Media company Ziff Davis has acquired Mashable, a US-based online media brand backed by corporates Tribune Media and Time Warner, for about $50m, the Wall Street Journal reported yesterday.
Mashable runs an online media platform that focuses on digital culture, entertainment and technology, and which generates about 45 unique views per month.
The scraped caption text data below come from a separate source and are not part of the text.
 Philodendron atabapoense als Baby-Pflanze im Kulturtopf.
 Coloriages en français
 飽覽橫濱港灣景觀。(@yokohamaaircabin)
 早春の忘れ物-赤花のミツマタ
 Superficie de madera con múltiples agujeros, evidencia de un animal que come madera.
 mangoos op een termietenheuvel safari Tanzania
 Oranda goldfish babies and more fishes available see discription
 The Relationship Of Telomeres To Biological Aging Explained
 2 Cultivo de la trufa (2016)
It was valued at $250m as of its last funding round, in which it raised $15m in April 2016.
Like many online media properties, Mashable had been pumping money into upgrading its video production capabilities, but it made a $10m net loss in 2016 despite its revenue increasing 36% to $42m, according to the WSJ.
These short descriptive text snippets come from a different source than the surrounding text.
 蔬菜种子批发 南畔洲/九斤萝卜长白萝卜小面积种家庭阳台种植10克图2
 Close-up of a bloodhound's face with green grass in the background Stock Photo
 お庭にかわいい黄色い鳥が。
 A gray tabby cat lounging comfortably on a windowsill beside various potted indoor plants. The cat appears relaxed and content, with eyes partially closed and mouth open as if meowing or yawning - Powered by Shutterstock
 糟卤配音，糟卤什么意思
A Bloomberg report in August this year suggested the company was considering a sale despite still attempting to raise equity financing, and a WSJ report the following month claimed it had discussed an acquisition with media company ProSiebenSat.1.
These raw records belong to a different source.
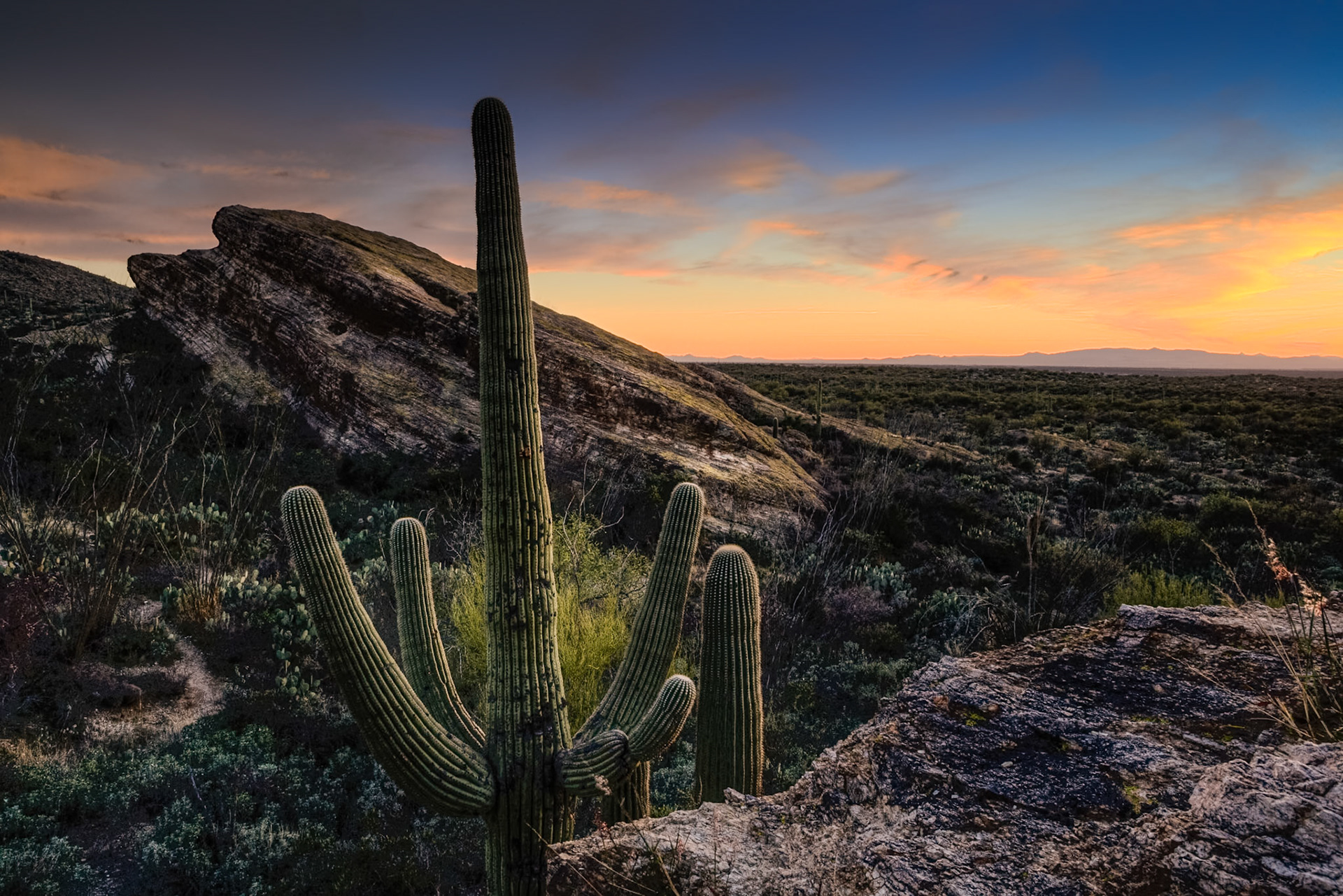 Sunset at Saguaro National Park, AZ, USA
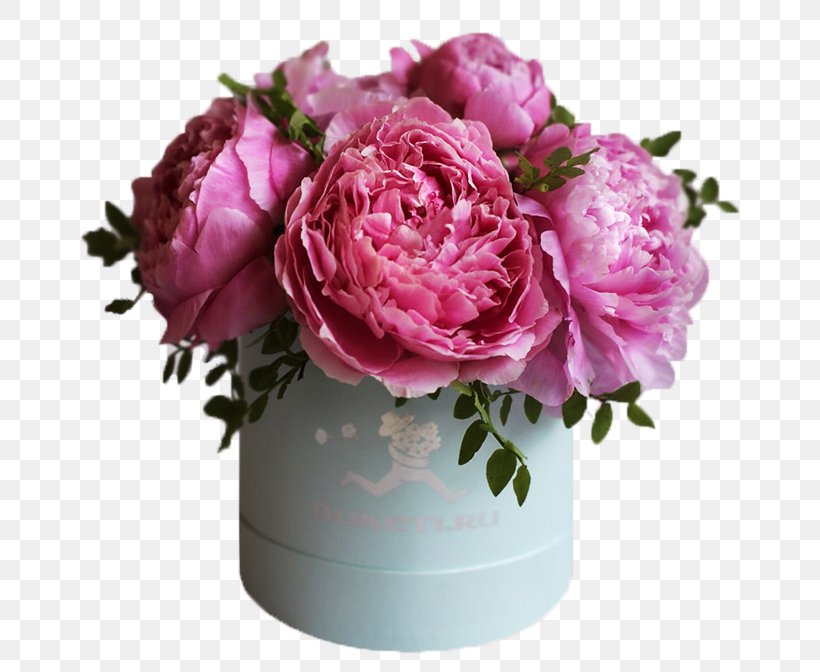 Garden Roses Cabbage Rose Floral Design Cut Flowers Vase, PNG, 660x672px, Garden Roses, Cabbage Rose, Cut Flowers, Family, Floral Design Download Free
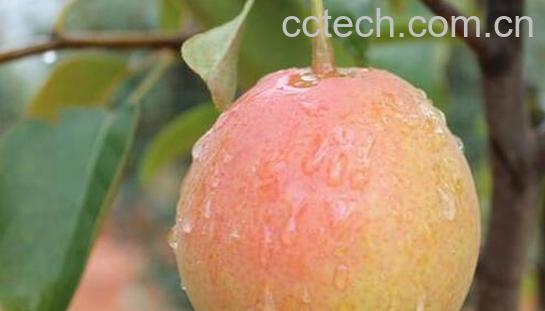 火把梨的功效与作用-0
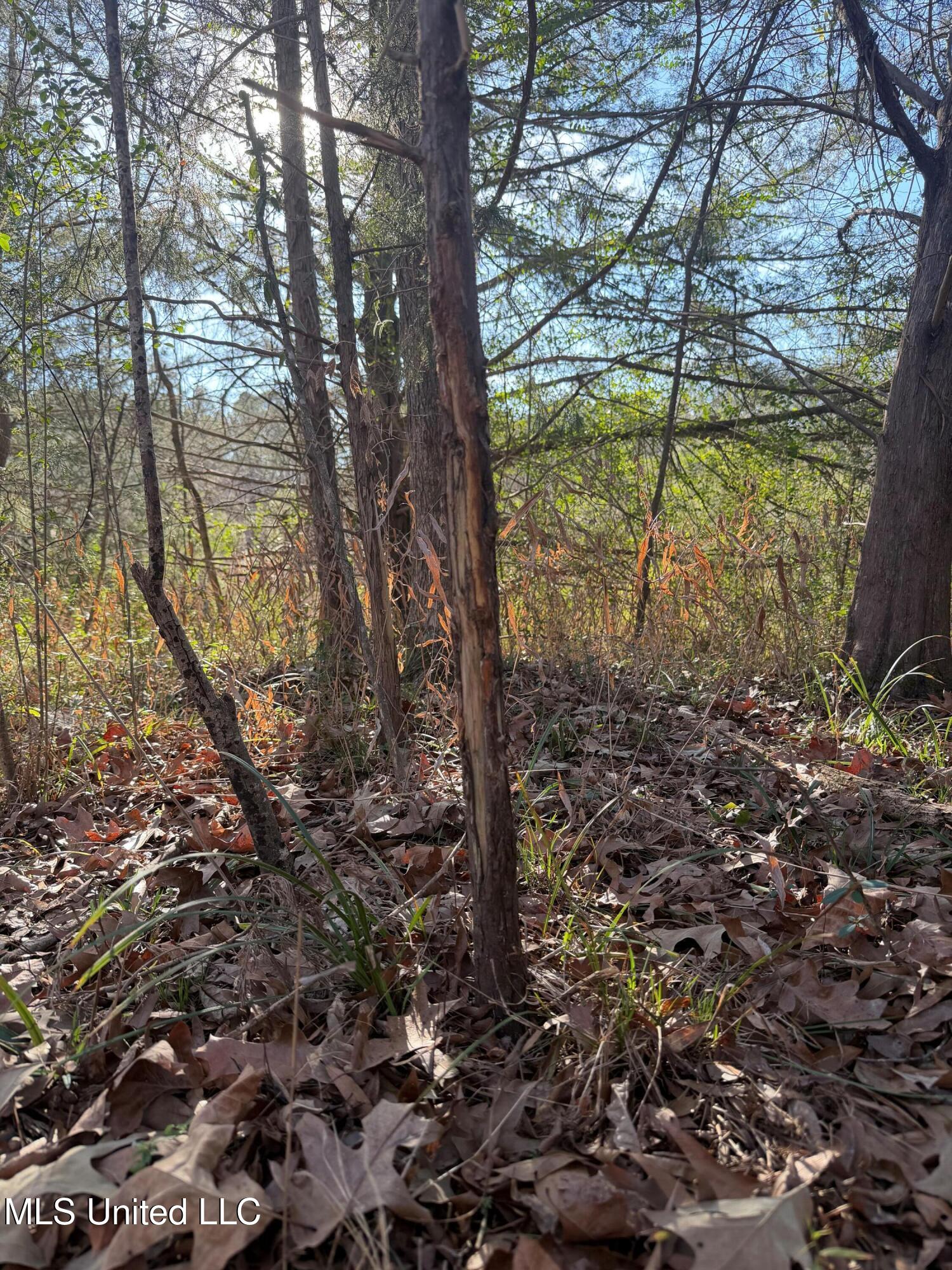 Off Of Saint Augustine Drive Property Photo 13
Mashable had raised $46m in funding since being founded as a blog in 2005. Turner, a broadcasting subsidiary of Time Warner, led the 2016 round, investing alongside another Warner division, Time Warner Investments, as well as Updata Partners, R&R Venture Partners and private investors David Jones and Mike Lazerow.
The company had raised $14m from investors including Tribune Digital Ventures, a subsidiary of media group Tribune, Updata Partners, New Market Ventures Partners and Social Starts as of 2014.
Time Warner Investments subsequently led a $17m series B round early the following year that included all Mashable’s existing investors.